IEEE Trans Image Process. 2021;30:1866-1881. doi: 10.1109/TIP.2020.3048682. Epub 2021 Jan 18.
Semantic segmentation, unifying most navigational perception tasks at the pixel level has catalyzed striking progress in the field of autonomous transportation. Modern Convolution Neural Networks (CNNs) are able to perform semantic segmentation both efficiently and accurately, particularly owing to their exploitation of wide context information. However, most segmentation CNNs are benchmarked against pinhole images with limited Field of View (FoV). Despite the growing popularity of panoramic cameras to sense the surroundings, semantic segmenters have not been comprehensively evaluated on omnidirectional wide-FoV data, which features rich and distinct contextual information. In this paper, we propose a concurrent horizontal and vertical attention module to leverage width-wise and height-wise contextual priors markedly available in the panoramas. To yield semantic segmenters suitable for wide-FoV images, we present a multi-source omni-supervised learning scheme with panoramic domain covered in the training via data distillation. To facilitate the evaluation of contemporary CNNs in panoramic imagery, we put forward the Wild PAnoramic Semantic Segmentation (WildPASS) dataset, comprising images from all around the globe, as well as adverse and unconstrained scenes, which further reflects perception challenges of navigation applications in the real world. A comprehensive variety of experiments demonstrates that the proposed methods enable our high-efficiency architecture to attain significant accuracy gains, outperforming the state of the art in panoramic imagery domains.

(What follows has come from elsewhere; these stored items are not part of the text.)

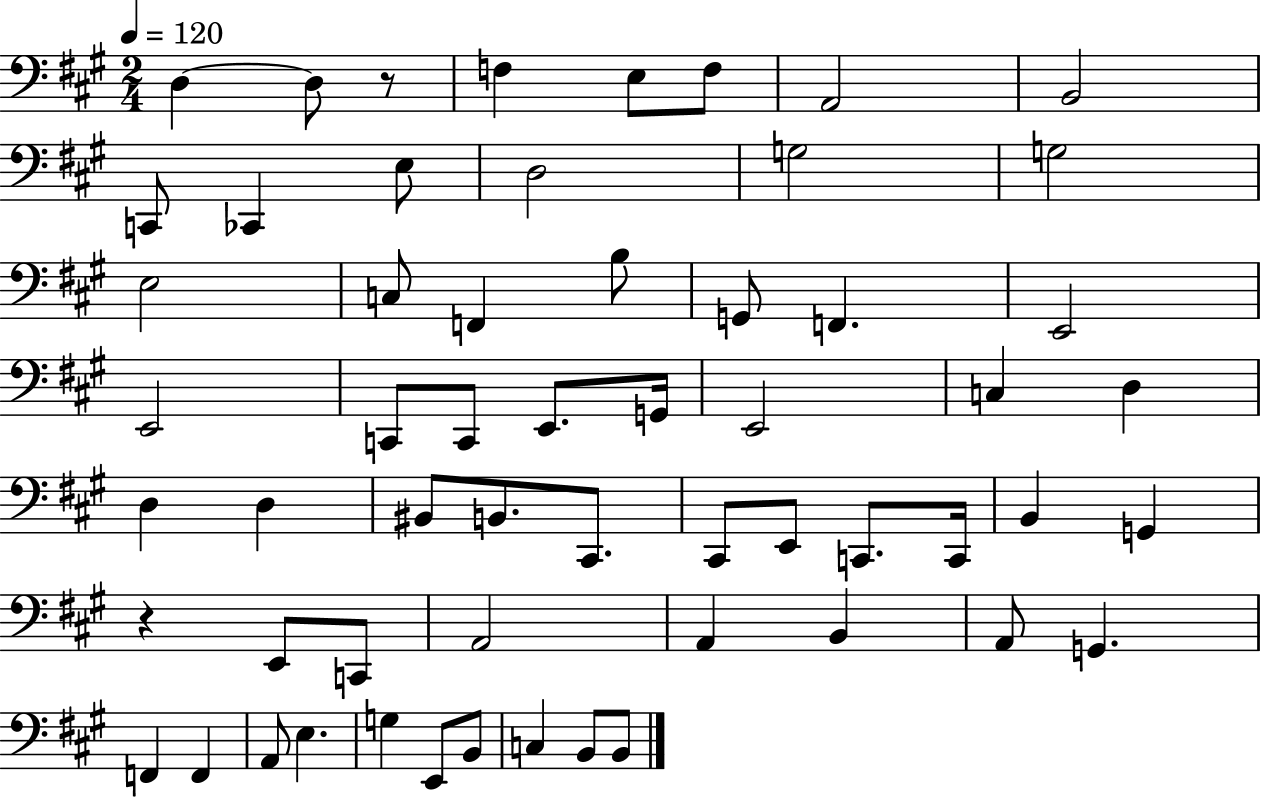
X:1
T:Untitled
M:2/4
L:1/4
K:A
D, D,/2 z/2 F, E,/2 F,/2 A,,2 B,,2 C,,/2 _C,, E,/2 D,2 G,2 G,2 E,2 C,/2 F,, B,/2 G,,/2 F,, E,,2 E,,2 C,,/2 C,,/2 E,,/2 G,,/4 E,,2 C, D, D, D, ^B,,/2 B,,/2 ^C,,/2 ^C,,/2 E,,/2 C,,/2 C,,/4 B,, G,, z E,,/2 C,,/2 A,,2 A,, B,, A,,/2 G,, F,, F,, A,,/2 E, G, E,,/2 B,,/2 C, B,,/2 B,,/2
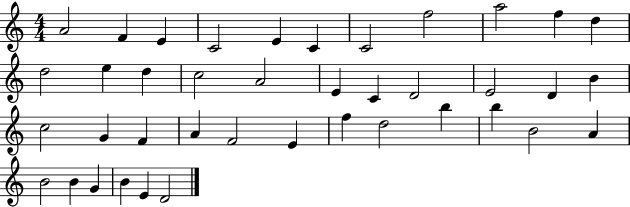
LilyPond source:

{
  \clef treble
  \numericTimeSignature
  \time 4/4
  \key c \major
  a'2 f'4 e'4 | c'2 e'4 c'4 | c'2 f''2 | a''2 f''4 d''4 | \break d''2 e''4 d''4 | c''2 a'2 | e'4 c'4 d'2 | e'2 d'4 b'4 | \break c''2 g'4 f'4 | a'4 f'2 e'4 | f''4 d''2 b''4 | b''4 b'2 a'4 | \break b'2 b'4 g'4 | b'4 e'4 d'2 | \bar "|."
}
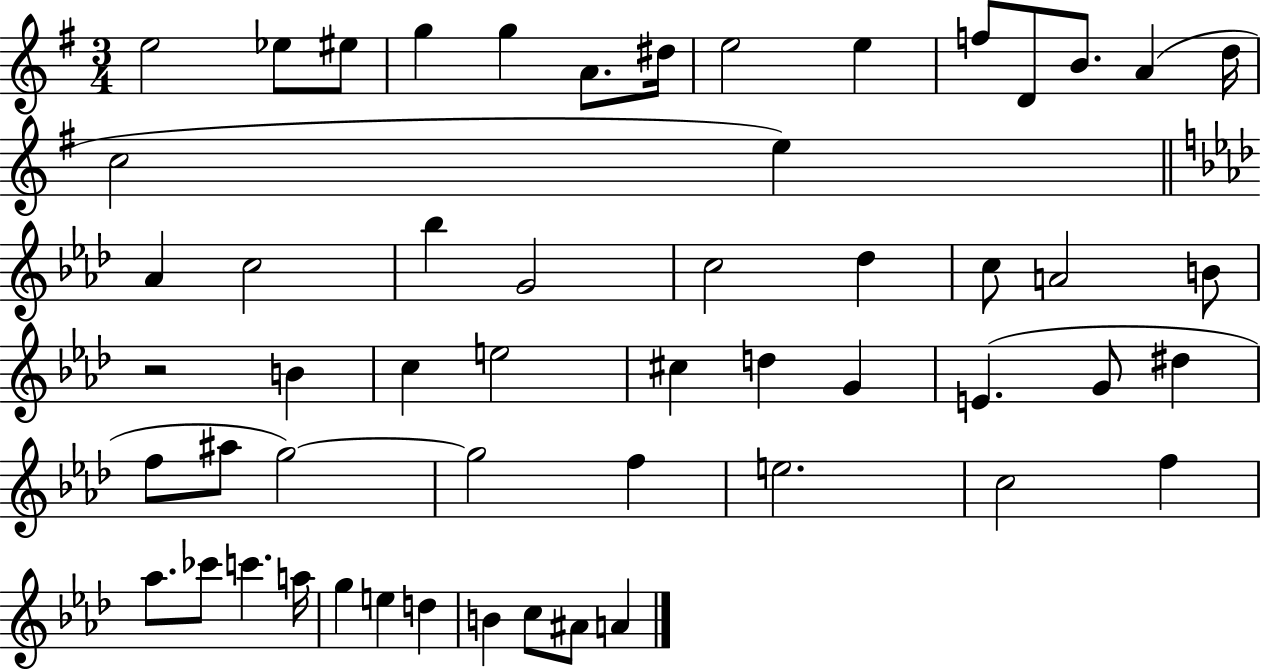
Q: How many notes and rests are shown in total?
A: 54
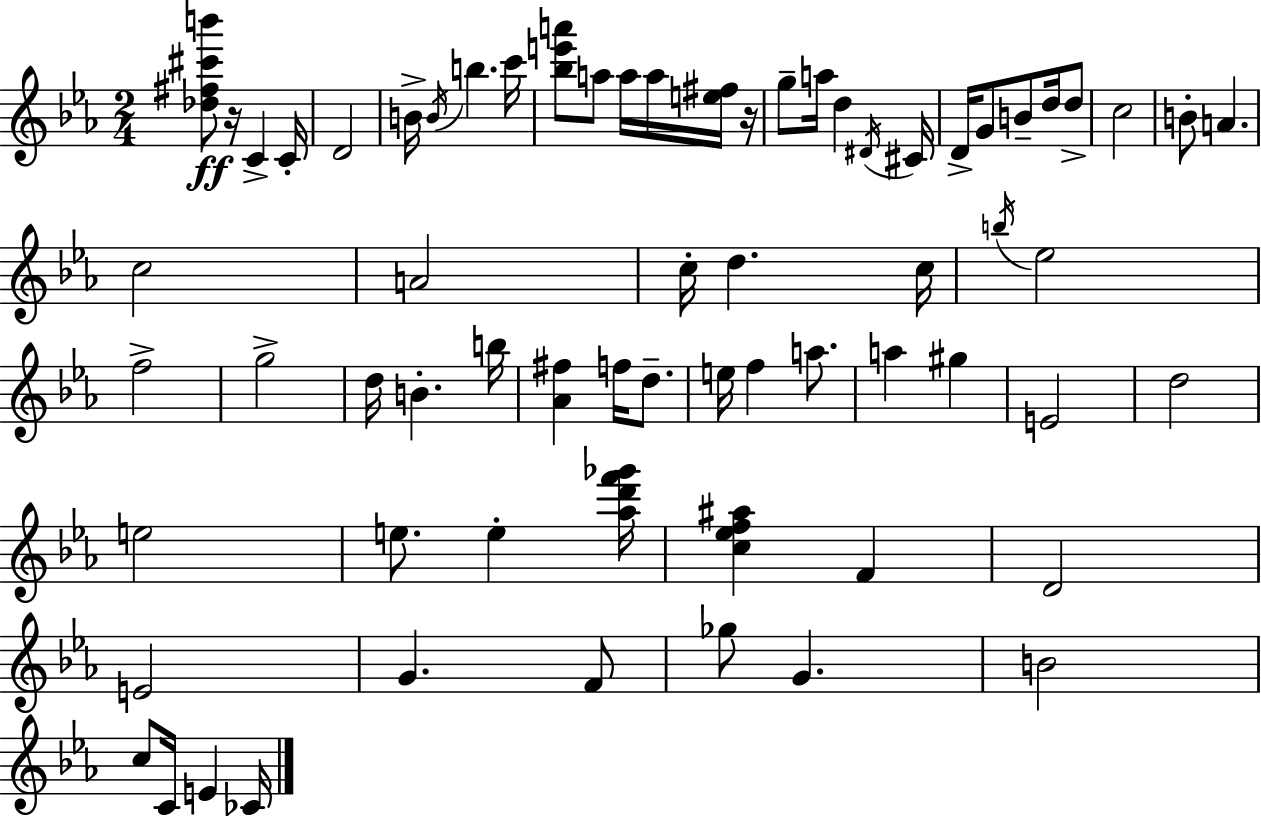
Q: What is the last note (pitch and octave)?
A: CES4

语义分割在像素级别上统一了大多数导航感知任务,这极大地推动了自主运输领域的发展。现代卷积神经网络(CNN)能够高效准确地执行语义分割,这主要归功于它们对广泛上下文信息的利用。然而,大多数分割 CNN 都是针对视场有限的针孔图像进行基准测试的。尽管全景相机越来越受欢迎,可以用于感知周围环境,但全景宽视场数据上的语义分割器还没有得到全面评估,全景宽视场数据具有丰富而独特的上下文信息。在本文中,我们提出了一种水平和垂直注意力模块,以显著利用全景图像中的宽度和高度上下文先验。为了生成适用于宽视场图像的语义分割器,我们提出了一种多源全景监督学习方案,通过数据蒸馏在训练中涵盖全景域。为了促进当代 CNN 在全景图像中的评估,我们提出了 Wild PAnoramic Semantic Segmentation(WildPASS)数据集,其中包含来自全球各地的图像,以及恶劣和不受约束的场景,这进一步反映了导航应用在现实世界中的感知挑战。大量的实验表明,所提出的方法使我们的高效架构能够显著提高精度,在全景图像领域超越了现有技术。